Since the announcement, the agency has been doing its darndest to reassure everyone that Geron's decampment isn't a huge embarrassment.

Such unexpected glitches are bound to happen when you're on the cutting edge of science, says the agency, which is known formally as the California Institute for Regenerative Medicine, or CIRM. "There are going to be fits and starts," its chairman, Jonathan Thomas, told me last week. Even so, he maintained, "we remain unwavering in our commitment to pursuing the science."

Agency officials point out that since Geron promptly refunded the $6.42 million it had drawn down from the CIRM loan, plus interest, this is a case of no-blood, no-foul. That's an exceedingly tolerant view of the ramifications, however. CIRM's approval of the loan last May had been preceded by what the agency says was "robust" peer review and proclaimed by the agency's founder and then-chairman, Robert Klein, to be a "landmark step for CIRM." In bailing out of the field, Geron halted a clinical trial that had already enrolled five patients.

So we're talking at least about months of wasted effort by CIRM and Geron's researchers, crushing disappointment for those patients and conceivably a major setback for stem cell science generally. Thomas observes that Geron said it made its decision strictly on financial grounds, not because of scientific reversals. But for an R&D company financial considerations always encompass scientific judgments, and Geron plainly concluded that the prospect for profits from stem cell therapies was receding.

The Geron fiasco underscores the old questions, and raises new ones, about what CIRM is supposed to accomplish, how it does business and whether its addiction to hype does a disservice to patients and taxpayers.

These questions are only going to become more important in the future, as CIRM prepares to ask California voters for new billions to supplement its original $3-billion bond issue authorized by voters through 2004's Proposition 71, which established the agency.

CIRM loves to compare itself to the federal government's biomedical research agency, the National Institutes of Health, but the two bodies are very different. The responsibilities of NIH are broad enough for it to make disinterested judgments about programs and scientific approaches. CIRM, however, was designed from the start (by Klein, who oversaw the drafting of Proposition 71) to focus on a very narrow field of biomedical science — embryonic stem cell research — and to promote that research in California as a sort of economic development tool.

These two goals have always been ethically and scientifically incompatible, and the Geron case points to why.

To begin with, there's evidence that CIRM, anxious to show progress toward bringing stem cell therapies to market, downplayed legitimate questions about the state of Geron's science and the design of the clinical trial. CIRM's anxiety sprang from the Proposition 71 campaign itself, which snowed California voters with exaggerated promises of cures for conditions such as Alzheimer's, Parkinson's, diabetes and spinal cord paralysis.

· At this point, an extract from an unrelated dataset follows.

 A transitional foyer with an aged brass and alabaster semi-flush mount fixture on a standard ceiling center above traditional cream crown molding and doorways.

The latter was Geron's baby. The company last year won approval from the Food and Drug Administration to start injecting patients with cells derived from stem cells. This trial was a preliminary step toward showing that the process might help regenerate critically injured spinal tissue and end the subjects' paralysis.

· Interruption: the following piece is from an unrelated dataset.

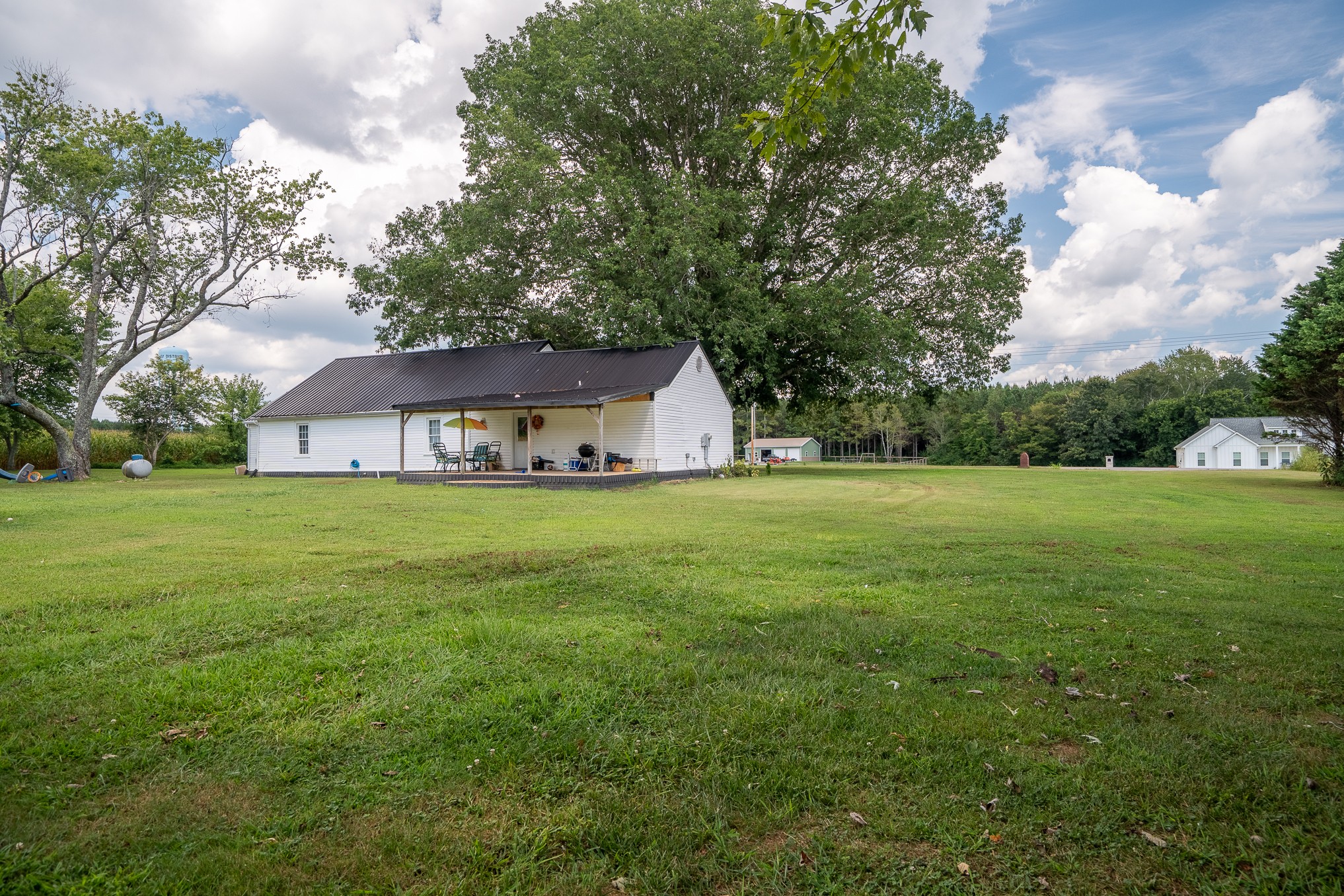 231 Rabbit Trail Road Leoma, TN 38468 - Photo 7 of 37 a front view of house with garden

But Geron had been criticized in the past for over-promising results. Some researchers questioned the design of its clinical trial and even whether spinal cord injury was the best subject for the first tests of stem cell therapies on humans. Says Joan Samuelson, a Parkinson's patient advocate who cast the sole dissenting vote on the CIRM board against the Geron loan: "I felt at the time that not all my questions had been answered about the readiness of that trial by that company."

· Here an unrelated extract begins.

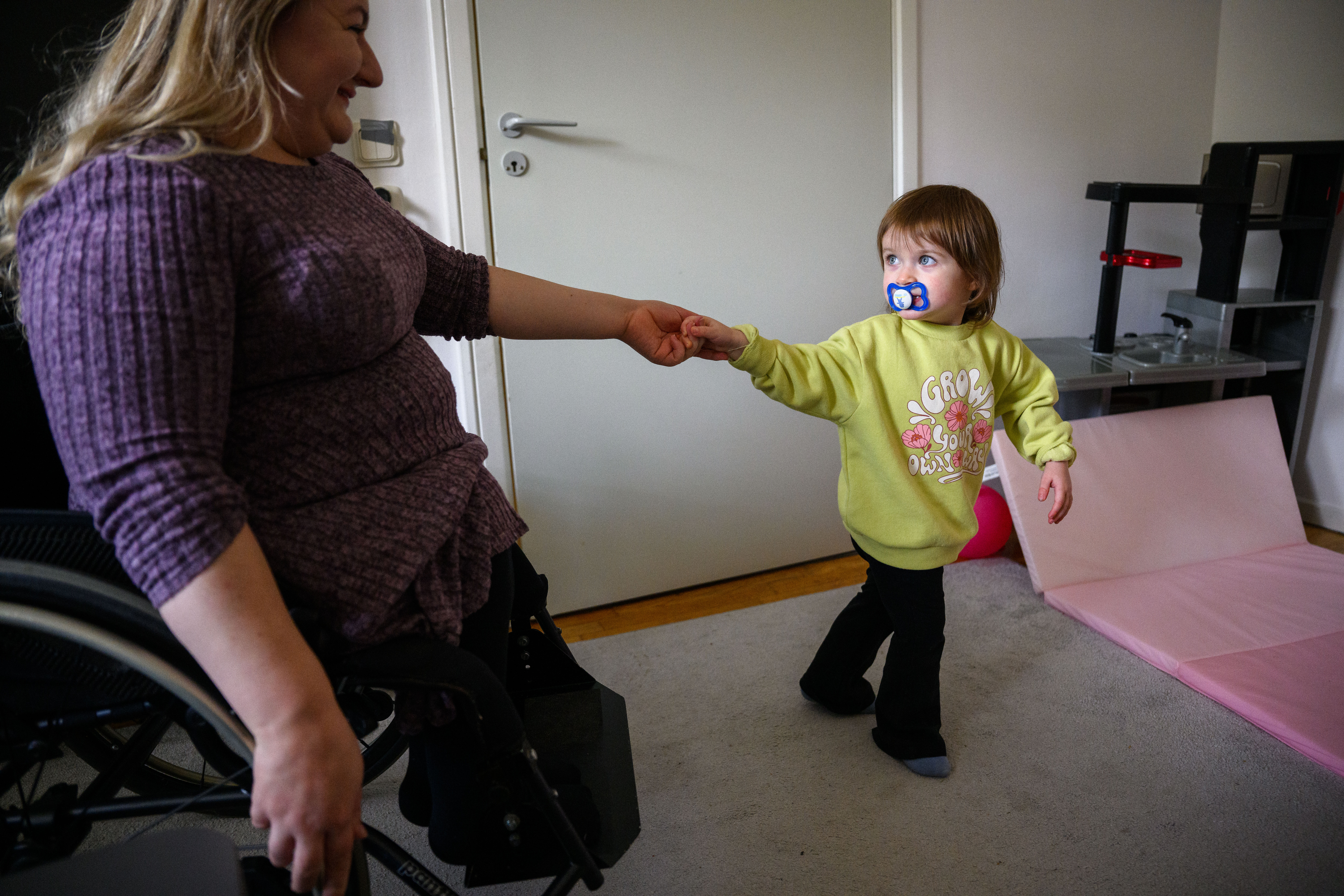 En mamma som sitter i rullstol håller ett litet barn i handen och ler mot barnet. Barnet har en napp i munnen och tittar tillbaka på mamman 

None of these issues were aired publicly in the run-up to the vote, because CIRM didn't disclose in advance that Geron was the loan applicant. Nor did it disclose that its own scientific review panel had awarded the Geron trial a scientific score of only 66 out of 100; that fact, along with other details of the board's consideration of the Geron loan, was pried out of CIRM later by David Jensen, the tireless proprietor of the indispensable California Stem Cell Report.